Provided information: Begin

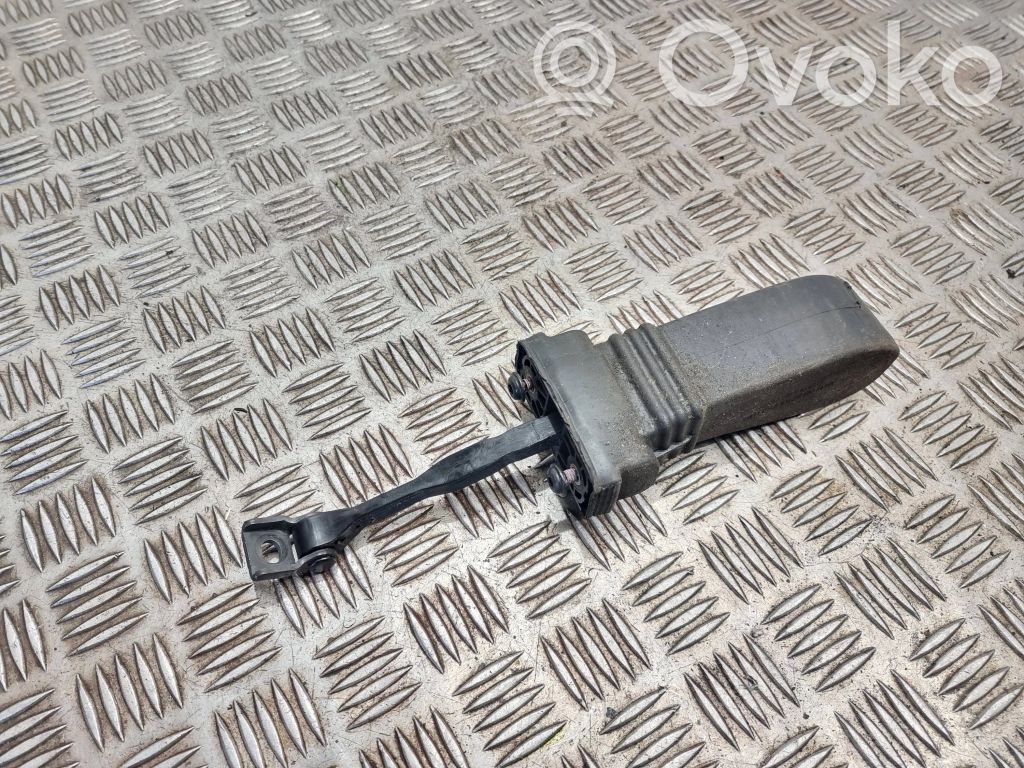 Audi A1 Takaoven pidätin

Provided information: End
Provided information: Begin

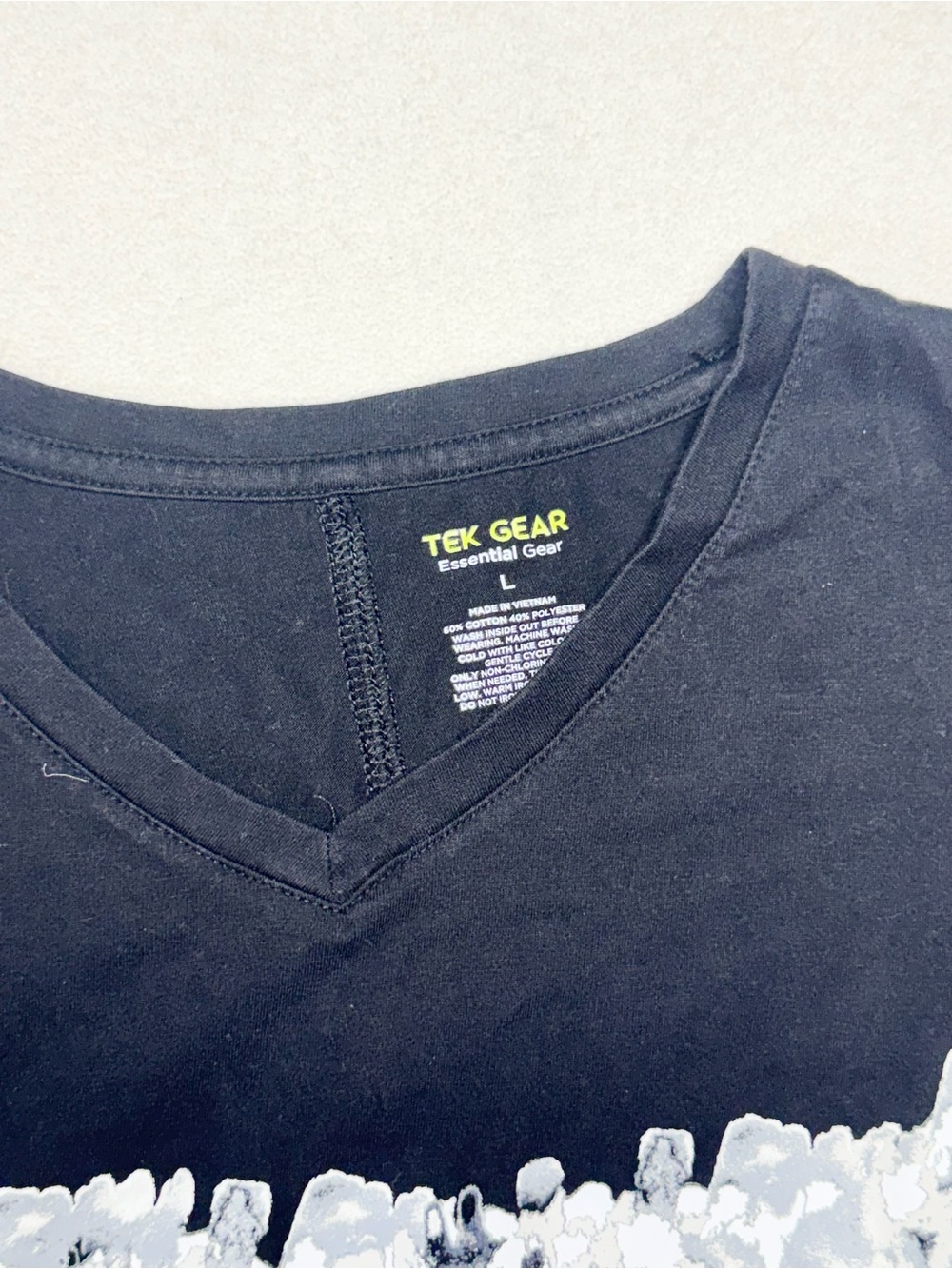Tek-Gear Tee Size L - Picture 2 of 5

Provided information: End
Provided information: Begin

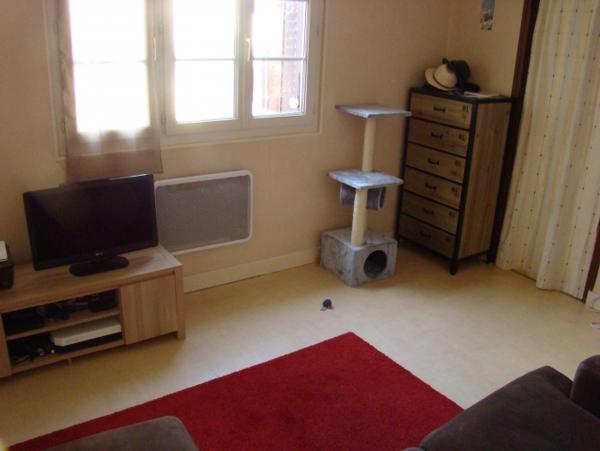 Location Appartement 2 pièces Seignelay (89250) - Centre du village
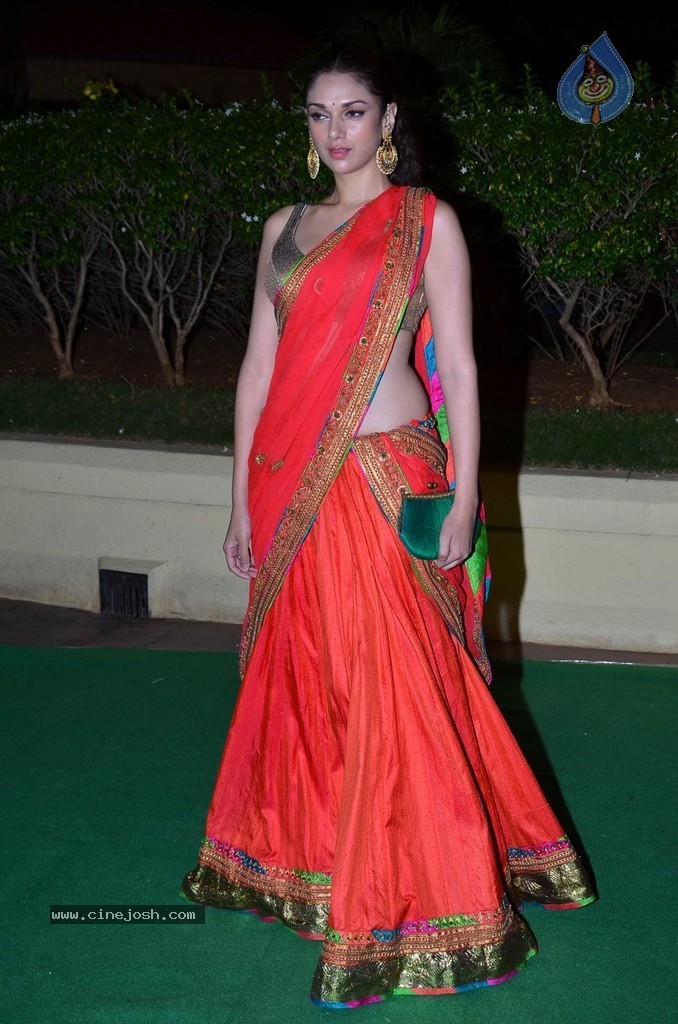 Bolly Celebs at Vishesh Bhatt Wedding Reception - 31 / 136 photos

Provided information: End

Everything between and including the line above containing "Location Appartement 2" and the line containing "Bolly Celebs at" should be reproduced exactly, with pictures excluded.

 Location Appartement 2 pièces Seignelay (89250) - Centre du village
 Bolly Celebs at Vishesh Bhatt Wedding Reception - 31 / 136 photos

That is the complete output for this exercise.